One of the major differences is the actual graphics themselves. The Nintendo 3DS version isn’t just a simple port of the N64, but more of a repainting. The game’s visuals have been completely revamped by Japanese developer Grezzo, but the game has kept the same gameplay engine. Grezzo’s intention was to try and make the game look like the original concept art rather than to make it look like Zelda Twilight Princess.
The animations, models and all of the muddy textures from the N64 version now have detail and look much sharper than they ever did before, making the game feel very new. The game now runs in a smooth 30 frames per second as opposed to the 20 frames per second on the N64 version, and has a 3D effect that actually works well.
I am very much the kind of gamer who will turn 3D off if it is not useful, unless the actual game benefits with the 3D turned up like Ridge Racer 3D and Pilot Wings. However, in Zelda the 3D works very well. Fairies fly past. When you smash and break things, the parts will fly out at you. Together with the depth of the scenery, it all really makes the game look stunning.
Gameplay & Improvements
Like I have mentioned above, the gameplay is like the N64 version keeping Ocarina of Time completely authentic to the first experience. For somebody who hasn’t played a Zelda game, the game is a huge adventure experience with lots of puzzles to solve and fast paced battle sequences that usually involve some sort of puzzle solving.
The game’s added motion controls are now put into play when aiming with the bow/sling and works very accurately, however, can disturb the 3D effect. The motion controls are not essential as you can always just use the thumb slider instead. However, I have been playing this game at work and spinning around on an office chair while holding the Nintendo 3DS in front of you works really well! I highly recommend it!

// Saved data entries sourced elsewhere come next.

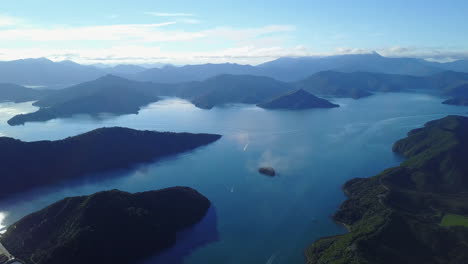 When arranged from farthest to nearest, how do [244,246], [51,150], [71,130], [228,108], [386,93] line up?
[386,93] < [228,108] < [71,130] < [51,150] < [244,246]

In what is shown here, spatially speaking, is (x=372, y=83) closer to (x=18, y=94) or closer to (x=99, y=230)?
(x=18, y=94)

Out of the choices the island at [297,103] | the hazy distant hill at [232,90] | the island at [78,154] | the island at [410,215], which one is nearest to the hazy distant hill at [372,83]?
the hazy distant hill at [232,90]

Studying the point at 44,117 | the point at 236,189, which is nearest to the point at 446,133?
the point at 236,189

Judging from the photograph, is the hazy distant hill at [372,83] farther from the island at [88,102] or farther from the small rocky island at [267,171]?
the small rocky island at [267,171]

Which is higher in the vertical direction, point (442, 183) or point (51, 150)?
point (51, 150)

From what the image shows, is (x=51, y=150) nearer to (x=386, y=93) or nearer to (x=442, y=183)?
(x=442, y=183)

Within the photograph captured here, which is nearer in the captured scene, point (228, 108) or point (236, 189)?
point (236, 189)

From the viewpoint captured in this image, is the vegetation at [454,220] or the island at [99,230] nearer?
the island at [99,230] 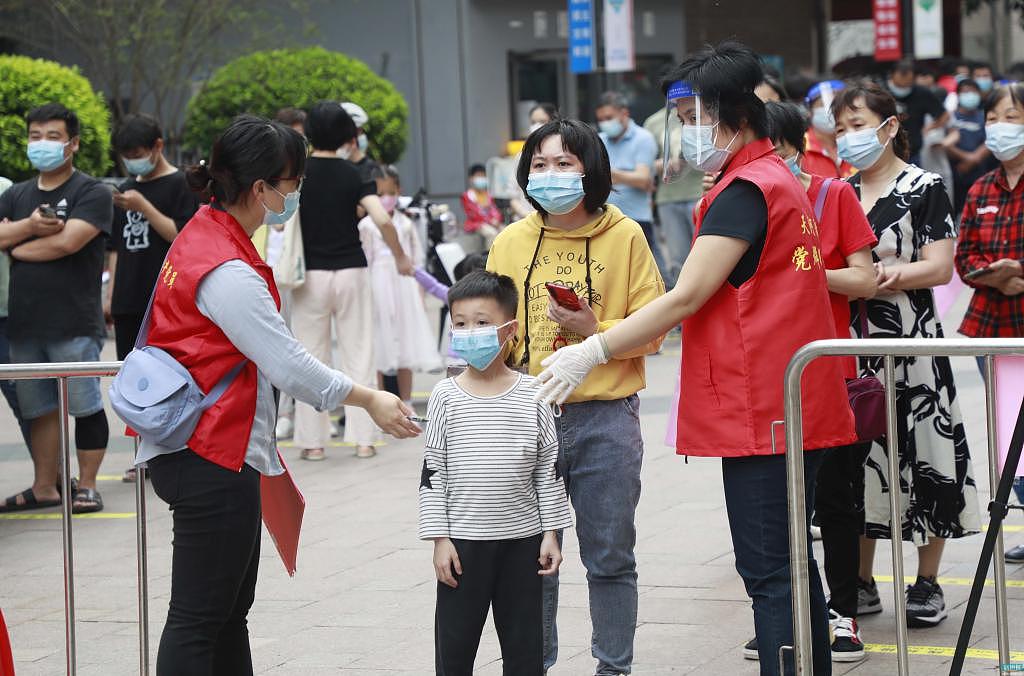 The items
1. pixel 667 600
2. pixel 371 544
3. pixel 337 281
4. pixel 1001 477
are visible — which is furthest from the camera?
pixel 337 281

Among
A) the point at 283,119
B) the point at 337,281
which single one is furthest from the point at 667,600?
the point at 283,119

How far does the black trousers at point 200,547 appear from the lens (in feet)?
13.1

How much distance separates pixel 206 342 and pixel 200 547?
1.78ft

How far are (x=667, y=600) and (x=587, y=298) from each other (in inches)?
69.1

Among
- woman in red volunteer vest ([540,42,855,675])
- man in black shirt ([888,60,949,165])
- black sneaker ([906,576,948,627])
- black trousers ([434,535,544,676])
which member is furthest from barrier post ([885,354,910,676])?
man in black shirt ([888,60,949,165])

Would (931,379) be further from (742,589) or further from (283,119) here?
(283,119)

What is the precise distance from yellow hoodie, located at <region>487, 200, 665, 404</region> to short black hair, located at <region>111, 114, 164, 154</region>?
4036mm

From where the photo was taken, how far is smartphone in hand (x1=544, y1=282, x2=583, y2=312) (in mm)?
4246

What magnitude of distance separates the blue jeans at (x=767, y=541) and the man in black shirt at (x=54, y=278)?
178 inches

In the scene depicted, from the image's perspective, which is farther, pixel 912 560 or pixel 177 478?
pixel 912 560

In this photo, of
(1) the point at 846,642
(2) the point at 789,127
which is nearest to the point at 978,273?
(2) the point at 789,127

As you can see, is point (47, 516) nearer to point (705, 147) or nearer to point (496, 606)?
point (496, 606)

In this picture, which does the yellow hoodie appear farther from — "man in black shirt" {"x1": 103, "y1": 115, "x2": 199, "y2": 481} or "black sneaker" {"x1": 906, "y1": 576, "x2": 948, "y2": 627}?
"man in black shirt" {"x1": 103, "y1": 115, "x2": 199, "y2": 481}

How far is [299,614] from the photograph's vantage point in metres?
5.88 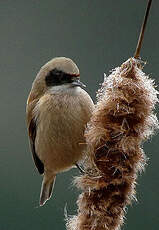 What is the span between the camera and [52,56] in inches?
314

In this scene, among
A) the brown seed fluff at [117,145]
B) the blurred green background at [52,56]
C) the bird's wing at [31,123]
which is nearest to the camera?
the brown seed fluff at [117,145]

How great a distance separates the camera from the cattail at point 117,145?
2.46 meters

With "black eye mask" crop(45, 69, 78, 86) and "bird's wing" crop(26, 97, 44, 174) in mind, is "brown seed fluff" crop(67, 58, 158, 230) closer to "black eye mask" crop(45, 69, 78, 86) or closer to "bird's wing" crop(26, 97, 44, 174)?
"black eye mask" crop(45, 69, 78, 86)

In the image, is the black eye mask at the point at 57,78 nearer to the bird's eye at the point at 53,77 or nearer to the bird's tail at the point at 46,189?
the bird's eye at the point at 53,77

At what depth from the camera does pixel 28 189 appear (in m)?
7.21

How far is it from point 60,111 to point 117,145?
970 millimetres

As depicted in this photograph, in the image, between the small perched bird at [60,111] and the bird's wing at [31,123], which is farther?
the bird's wing at [31,123]

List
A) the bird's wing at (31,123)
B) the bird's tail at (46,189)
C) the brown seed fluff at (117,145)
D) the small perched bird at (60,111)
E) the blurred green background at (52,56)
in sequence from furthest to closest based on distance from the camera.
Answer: the blurred green background at (52,56)
the bird's tail at (46,189)
the bird's wing at (31,123)
the small perched bird at (60,111)
the brown seed fluff at (117,145)

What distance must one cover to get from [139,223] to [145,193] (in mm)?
360

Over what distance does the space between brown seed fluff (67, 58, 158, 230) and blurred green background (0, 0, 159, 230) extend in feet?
13.3

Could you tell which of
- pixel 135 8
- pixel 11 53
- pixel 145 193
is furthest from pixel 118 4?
pixel 145 193

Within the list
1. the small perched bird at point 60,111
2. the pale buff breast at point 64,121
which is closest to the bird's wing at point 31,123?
the small perched bird at point 60,111

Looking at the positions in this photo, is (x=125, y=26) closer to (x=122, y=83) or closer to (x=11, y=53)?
(x=11, y=53)

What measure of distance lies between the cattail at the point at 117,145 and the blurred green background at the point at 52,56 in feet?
13.3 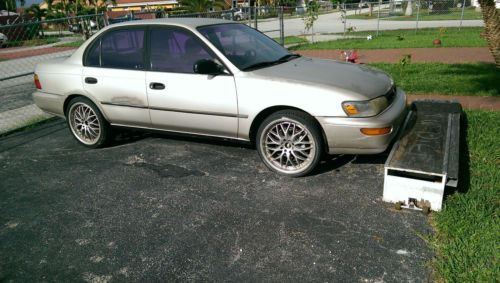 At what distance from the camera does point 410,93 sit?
7.39 meters

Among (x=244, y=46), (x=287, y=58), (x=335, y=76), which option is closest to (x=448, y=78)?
(x=287, y=58)

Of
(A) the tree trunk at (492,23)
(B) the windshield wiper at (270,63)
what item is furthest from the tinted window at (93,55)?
(A) the tree trunk at (492,23)

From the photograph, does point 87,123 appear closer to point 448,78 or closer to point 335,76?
point 335,76

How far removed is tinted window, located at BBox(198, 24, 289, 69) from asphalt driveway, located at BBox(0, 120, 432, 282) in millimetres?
1228

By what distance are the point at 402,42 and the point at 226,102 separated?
40.0 ft

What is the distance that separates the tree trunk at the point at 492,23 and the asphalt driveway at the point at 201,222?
2881mm

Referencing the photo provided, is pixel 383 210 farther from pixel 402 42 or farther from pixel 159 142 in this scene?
pixel 402 42

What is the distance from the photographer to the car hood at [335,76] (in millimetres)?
4047

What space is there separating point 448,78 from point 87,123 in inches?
279

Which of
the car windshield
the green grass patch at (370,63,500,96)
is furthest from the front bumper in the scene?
the green grass patch at (370,63,500,96)

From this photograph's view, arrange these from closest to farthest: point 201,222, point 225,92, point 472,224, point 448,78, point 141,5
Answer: point 472,224, point 201,222, point 225,92, point 448,78, point 141,5

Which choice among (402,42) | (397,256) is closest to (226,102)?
(397,256)

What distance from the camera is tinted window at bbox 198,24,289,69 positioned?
459 cm

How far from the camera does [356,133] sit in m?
3.90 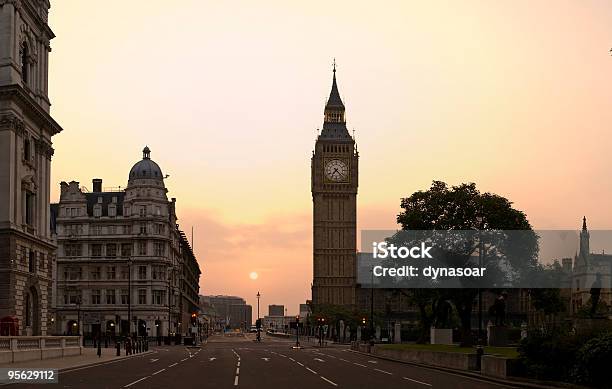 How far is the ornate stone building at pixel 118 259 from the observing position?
135625mm

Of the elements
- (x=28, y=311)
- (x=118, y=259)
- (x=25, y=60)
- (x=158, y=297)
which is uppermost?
(x=25, y=60)

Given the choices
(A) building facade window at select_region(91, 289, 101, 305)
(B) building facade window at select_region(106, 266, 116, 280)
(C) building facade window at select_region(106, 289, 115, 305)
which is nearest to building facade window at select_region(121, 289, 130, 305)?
(C) building facade window at select_region(106, 289, 115, 305)

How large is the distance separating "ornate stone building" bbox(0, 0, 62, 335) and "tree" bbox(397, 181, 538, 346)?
3211cm

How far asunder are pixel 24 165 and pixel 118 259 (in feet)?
232

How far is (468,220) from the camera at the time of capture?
75.9m

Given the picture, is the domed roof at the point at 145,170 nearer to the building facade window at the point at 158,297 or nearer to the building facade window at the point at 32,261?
the building facade window at the point at 158,297

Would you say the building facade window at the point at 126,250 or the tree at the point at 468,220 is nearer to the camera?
the tree at the point at 468,220

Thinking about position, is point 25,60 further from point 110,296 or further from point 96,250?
point 110,296

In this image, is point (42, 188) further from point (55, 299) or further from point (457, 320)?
point (457, 320)

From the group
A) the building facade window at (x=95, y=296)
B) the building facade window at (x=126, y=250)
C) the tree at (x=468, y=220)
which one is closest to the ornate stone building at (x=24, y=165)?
the tree at (x=468, y=220)

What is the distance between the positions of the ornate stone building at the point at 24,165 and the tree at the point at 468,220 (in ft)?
105

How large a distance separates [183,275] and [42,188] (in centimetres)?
10168

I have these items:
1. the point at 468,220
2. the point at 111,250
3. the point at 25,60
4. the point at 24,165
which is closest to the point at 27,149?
the point at 24,165

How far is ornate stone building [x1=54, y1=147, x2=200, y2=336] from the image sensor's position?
13562 cm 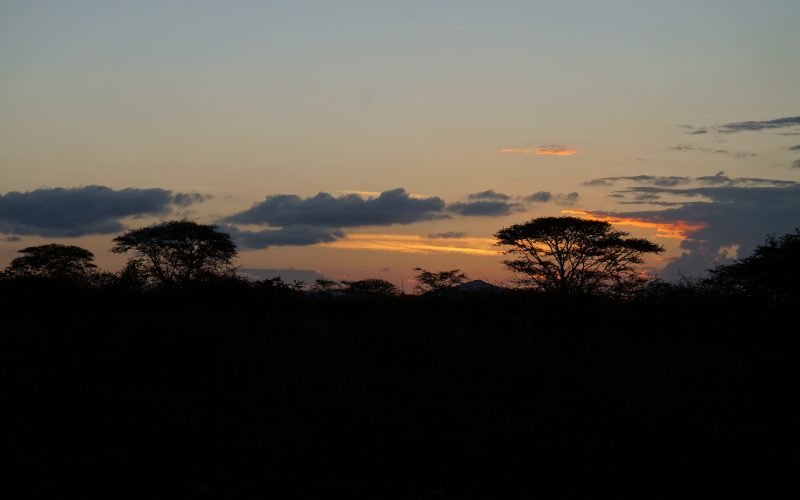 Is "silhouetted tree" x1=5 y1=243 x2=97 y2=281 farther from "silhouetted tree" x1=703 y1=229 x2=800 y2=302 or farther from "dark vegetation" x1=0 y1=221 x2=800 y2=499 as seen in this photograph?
"silhouetted tree" x1=703 y1=229 x2=800 y2=302

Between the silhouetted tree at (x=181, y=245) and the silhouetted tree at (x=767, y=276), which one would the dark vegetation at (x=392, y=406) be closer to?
the silhouetted tree at (x=767, y=276)

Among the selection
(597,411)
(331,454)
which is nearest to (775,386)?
(597,411)

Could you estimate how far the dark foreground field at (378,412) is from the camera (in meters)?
5.98

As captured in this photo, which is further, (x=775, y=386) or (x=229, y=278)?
(x=229, y=278)

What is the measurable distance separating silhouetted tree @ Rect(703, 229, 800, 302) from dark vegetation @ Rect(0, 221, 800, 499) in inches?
140

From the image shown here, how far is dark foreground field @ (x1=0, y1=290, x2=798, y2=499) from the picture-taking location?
5984 mm

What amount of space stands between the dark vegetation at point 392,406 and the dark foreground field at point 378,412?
27mm

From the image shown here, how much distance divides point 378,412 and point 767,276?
17307 millimetres

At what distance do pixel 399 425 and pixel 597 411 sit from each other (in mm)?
2427

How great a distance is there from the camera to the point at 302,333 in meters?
14.2

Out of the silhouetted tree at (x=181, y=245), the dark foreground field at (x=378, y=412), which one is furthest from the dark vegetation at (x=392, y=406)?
the silhouetted tree at (x=181, y=245)

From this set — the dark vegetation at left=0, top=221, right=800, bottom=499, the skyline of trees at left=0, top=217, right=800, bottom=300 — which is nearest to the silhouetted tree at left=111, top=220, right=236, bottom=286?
the skyline of trees at left=0, top=217, right=800, bottom=300

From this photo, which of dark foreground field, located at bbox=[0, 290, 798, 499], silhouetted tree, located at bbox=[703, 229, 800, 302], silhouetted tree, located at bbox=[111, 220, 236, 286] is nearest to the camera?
dark foreground field, located at bbox=[0, 290, 798, 499]

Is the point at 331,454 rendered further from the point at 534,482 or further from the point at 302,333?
the point at 302,333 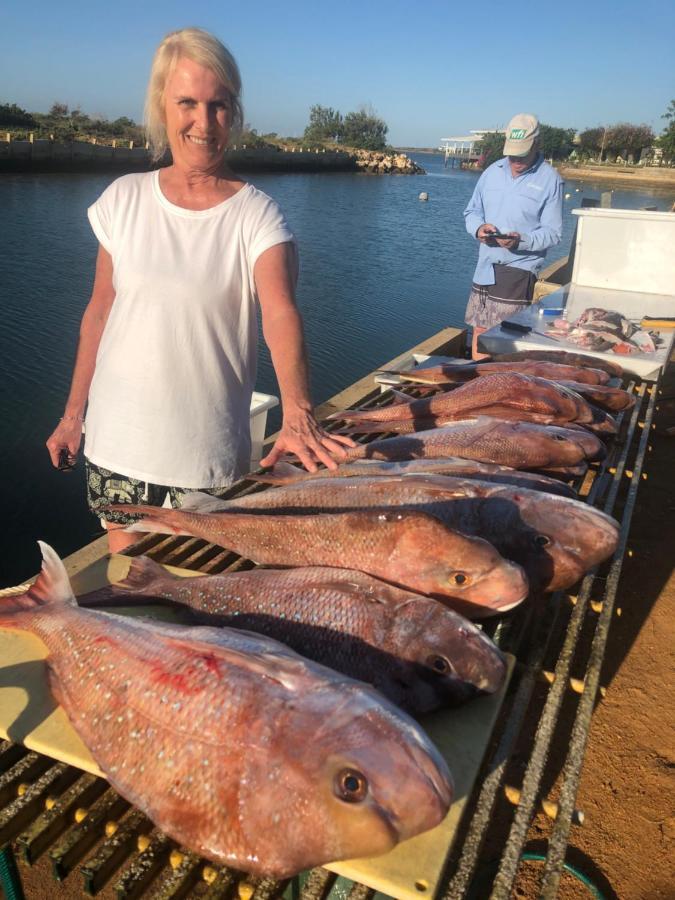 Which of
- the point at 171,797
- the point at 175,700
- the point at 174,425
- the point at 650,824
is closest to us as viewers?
the point at 171,797

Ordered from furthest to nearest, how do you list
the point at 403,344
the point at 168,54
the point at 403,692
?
the point at 403,344
the point at 168,54
the point at 403,692

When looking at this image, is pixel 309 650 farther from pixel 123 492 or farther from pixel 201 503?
pixel 123 492

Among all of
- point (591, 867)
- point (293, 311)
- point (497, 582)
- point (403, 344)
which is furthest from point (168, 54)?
point (403, 344)

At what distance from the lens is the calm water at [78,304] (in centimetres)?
844

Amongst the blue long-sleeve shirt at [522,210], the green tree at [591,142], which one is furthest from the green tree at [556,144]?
the blue long-sleeve shirt at [522,210]

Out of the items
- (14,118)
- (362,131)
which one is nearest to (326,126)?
(362,131)

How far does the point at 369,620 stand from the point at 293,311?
131 centimetres

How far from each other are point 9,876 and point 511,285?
21.8 feet

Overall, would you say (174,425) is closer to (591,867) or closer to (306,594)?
(306,594)

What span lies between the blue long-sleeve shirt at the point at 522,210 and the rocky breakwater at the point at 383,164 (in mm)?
78987

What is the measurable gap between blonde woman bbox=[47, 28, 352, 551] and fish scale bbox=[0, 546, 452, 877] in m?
0.96

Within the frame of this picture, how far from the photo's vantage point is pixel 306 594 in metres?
1.96

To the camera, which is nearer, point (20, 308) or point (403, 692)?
point (403, 692)

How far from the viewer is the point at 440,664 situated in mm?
1709
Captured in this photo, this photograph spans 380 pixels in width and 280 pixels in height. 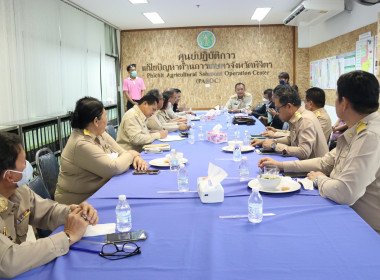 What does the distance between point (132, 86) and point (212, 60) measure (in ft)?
7.33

The bottom screen of the 3DS is where all the items are now stored and can now easily be accessed with touch controls. This is something that the developer Eiji Aonuma wanted as he felt that the worst part of the N64 version of the game was the water temple section where you would have to constantly pause the game to take out the iron boots.
Now with the touch screen the game keeps the gamer playing without having to stop and pause constantly. Even though it’s subtle, this feature has really helped the pacing of the game, not just with the water temple section.
For the past month I have ranted on about how much I dislike the Nintendo 3DS as I felt there were never really any good games apart from Super Street Fighter 4, which I have been playing on the PS3 and Xbox 360 consoles for the past two years anyway.
Well thankfully this is that amazing 3DS game as it’s a nice refreshed version that brings back so many memories from the amazing soundtrack to the epic boss battles for experiences players, as well as an extra master quest mode which will keep you gripped for hours.
Alternatively, for the gamers who missed out first time round on something that’s considered Nintendo’s best work, you can finally play a more modern version that can be appreciated in this generation of gaming.
Zelda: Ocarina of Time 3D gets a great 5 out of 5 stars!